Poetry has always been one of the most appreciated arts in China. In the past, the taste for poetry extended to all layers of Chinese society, and at certain times poetic composition was one of the requirements in official examinations for the public civil servant, so that any literate was able to compose poems.
No surprisingly, then, poetry contests arose, in which the participants competed, either by reciting poems or by composing them on the spot.
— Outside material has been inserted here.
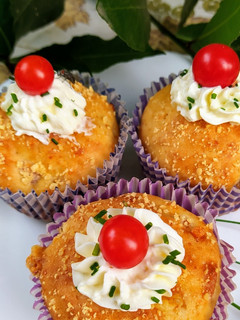 Una foto de Muffins de Jamón y Queso Navideños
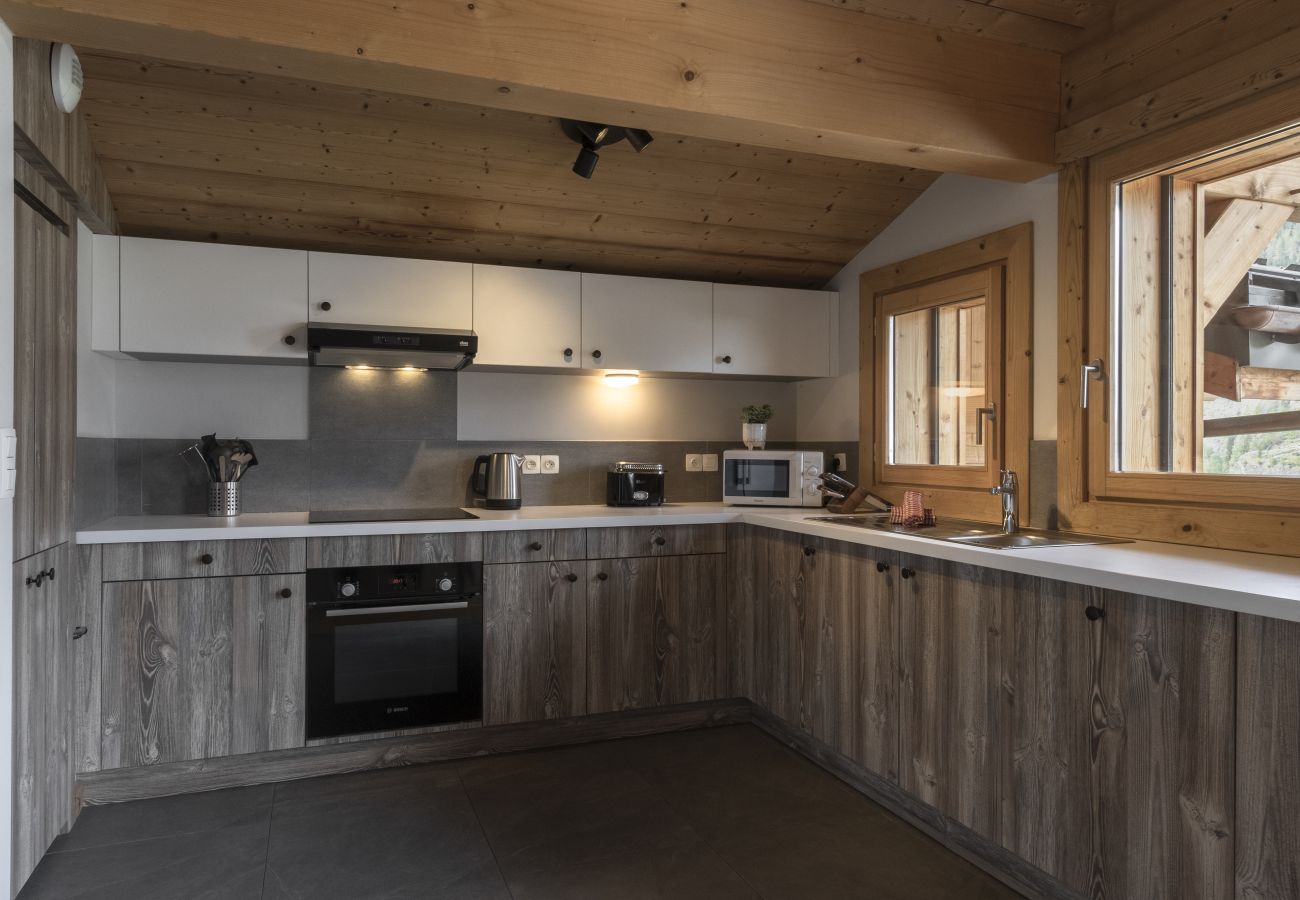 Apartment in Les Houches - Trabets 2 - Vue Montagne - 150m des Remontées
These duels or contests of poetry are called dǒu shī 鬥詩, were practiced as a pastime at festivals and banquets and took different forms, almost always involving the consumption of wine among the participants.
Wine has always been an important element among Chinese society in meetings and celebrations. Since ancient times, at least since the Qín 秦 dynasty (221-206 a.C.), the Chinese had fun participating in various games in which the loser had to drink a stipulated amount of wine. Among the most famous of these games is the so-called tóuhú 投壺, which consists of throwing arrows with the hand into a vessel placed at a certain distance. The one who got more arrows inside was the winner, and the loser had to drink.
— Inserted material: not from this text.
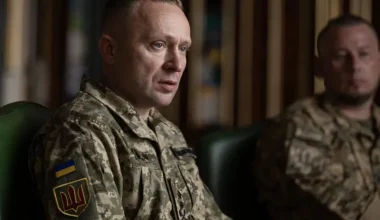 Μ.Ντραπάτι: Όταν το 2014 έμπαινε με τεθωρακισμένα για να χτυπήσει τους Ρωσόφωνους της Μαριούπολης (βίντεο)
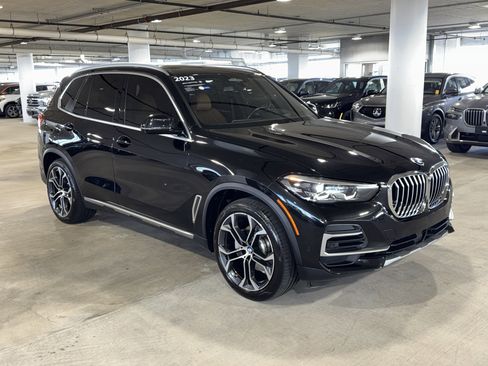 Certified 2023 BMW X5 sDrive40i image 2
Illustration of three women playing tóuhú 投壺.
Over time, these games evolved to include poetic skill and knowledge as game elements. We will cite below some of the most common.
“Wine measure in the Golden Valley”
jīngǔ jiǔshù 金谷酒數
The name of this competition comes from a preface to a book of poetry, known as Jīngǔ shī xù 金谷詩序 ("Preface to the Poems of the Golden Valley"). This text describes the celebration of a banquet that took place during the reign of Emperor Yuánkāng 元康 of the Hàn 漢 dynasty, in a place known as "Golden Valley" (金谷 Jīngǔ). As part of the fun, attendees competed by improvising poems expressing their feelings. When one of the participants failed to compose a poem successfully, he had to drink three measures of wine as a penalty.
From that time on, the expression jīngǔ jiǔshù began to be used to refer to this type of poetic contest, where jiǔshù 酒數 (measure or quantity of wine) is a stipulated amount of wine, usually three cups. The famous poet Lǐ Bái 李白 refers to this type of game in some of his writings.
A well-known episode of somewhat unusual and dangerous poetic contest took place in the final years of the Hàn dynastyn when Cáo Zhí 曹植, forced by his brother Cáo Pī 曹丕, had to compose a poem in the time he took to walk seven steps, as a condition to save his life (to know more, see A Poem in Exchange for the Life of Cáo Zhí).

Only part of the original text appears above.